The why is simple. Funding at the speed of agile optimizes for the fast flow of safe value. In order to survive and thrive, organizations should adopt new ways of working to sense, explore, invent, and innovate. Beyond strategic positioning, it can drive material impact in the market and ultimately affect the valuation of the organization. On average, product companies have valuations that are 1x their revenue. For service companies, the average valuation is 2x their revenue. For platform companies, the average valuation is 8x the revenue they generate.12

Transitioning fully to a new funding model won’t happen quickly. For at least the near future, you can run both old and new funding approaches in parallel as you further refine your processes and establish governance guardrails. But ultimately, the journey can be worth it. The more you embrace tech futures, the bigger the impact your efforts can have on the way investors, customers, and your people view your organization and its future promise.

Lessons from the front lines

Constructing an agile enterprise: Nationwide Building Society takes the long view

From online banking to cashless commerce, traditional financial institutions are embracing change to survive—and Nationwide, the United Kingdom’s 130-year-old building society, is no different. Leaders wanted to deliver more value and services to Nationwide’s 15 million members to excel in an environment of digital disruption and increased regulation. In late 2018, the Society hired Patrick Eltridge13 as its COO, aiming to transform the way the organization works.

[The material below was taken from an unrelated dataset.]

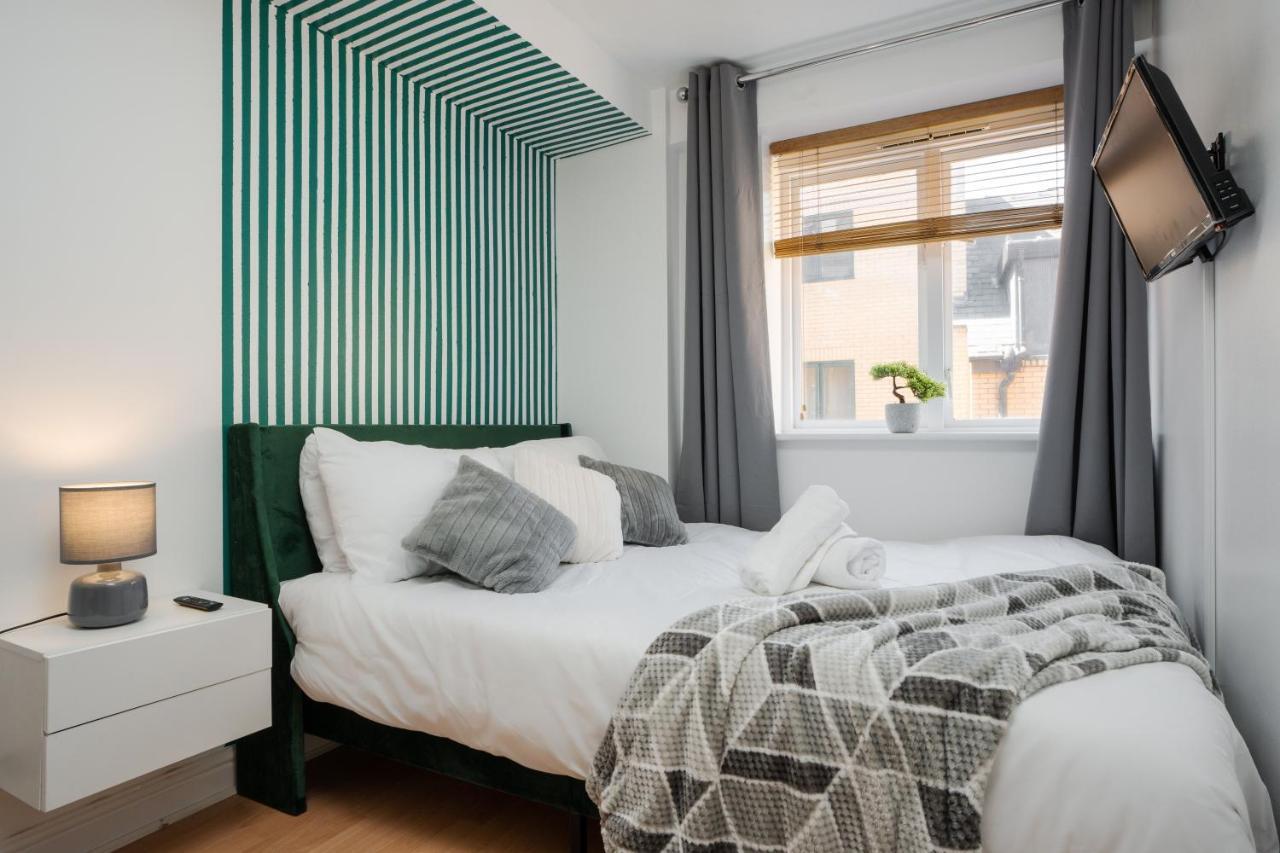 Cefas Apartments Manchester - Free Parking - City Centre Экстерьер фото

Before Eltridge’s arrival, IT and the digital business group had launched several Agile initiatives, and Nationwide now looked to create a more cohesive, enterprise-level approach. Eltridge set out to shift the organization’s legacy systems away from waterfall methods, which he views as promoting “the illusion that you can fix the time, scope, and cost of work and hold people accountable for immovable milestones.”

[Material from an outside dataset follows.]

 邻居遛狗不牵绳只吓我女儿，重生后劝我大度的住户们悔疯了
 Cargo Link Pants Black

Eltridge’s charter was to introduce the agile mindset across the enterprise. He approached finance leaders soon after his arrival, looking to partner with them to evolve their traditional accounting and investment funding processes to better align with IT’s Agile approach.

Instead of trying to explain—and win buy-in for—abstract agile processes, Eltridge engaged finance leaders with three commitments: 1) The monthly expenditure rate of IT change would be known and not exceeded, 2) change priorities could be revised in less than 30 days with minimal disruption, and 3) there would be no more unplanned software write-offs—all music to any CFO’s ears. Convinced of the benefits and validated by IT’s reputation for safe and reliable delivery, finance agreed to enable Agile methods and continuous funding in the coming year.

During the funding transition, the portfolio management office—renamed the Value Realization Office—continued to use waterfall or Agile methods, depending on the project type. But when the office needed to shift investment priorities, Nationwide had not yet defined a way to objectively evaluate the relative value of inflight changes across the entire portfolio. To resolve this, Eltridge introduced the “weighted shortest job first” (WSJF) prioritization method to help the team prioritize changes based on their projected economic benefit, which is estimated by dividing “cost of delay” by job size. WSJF is not a one-and-done process—the backlog of initiatives is regularly reviewed and reprioritized.

The Value Realization Office led the exercise, inviting product owners, architects, delivery leaders, and finance to discuss and vote on change priorities across the entire portfolio. The WSJF exercise accomplished the team’s goal of rationalizing budget and investment decisions—and generated an unexpected benefit. “Senior leaders left with a deeper understanding of the portfolio and interdependencies of the work,” Eltridge says. “Prioritization was a happy byproduct.”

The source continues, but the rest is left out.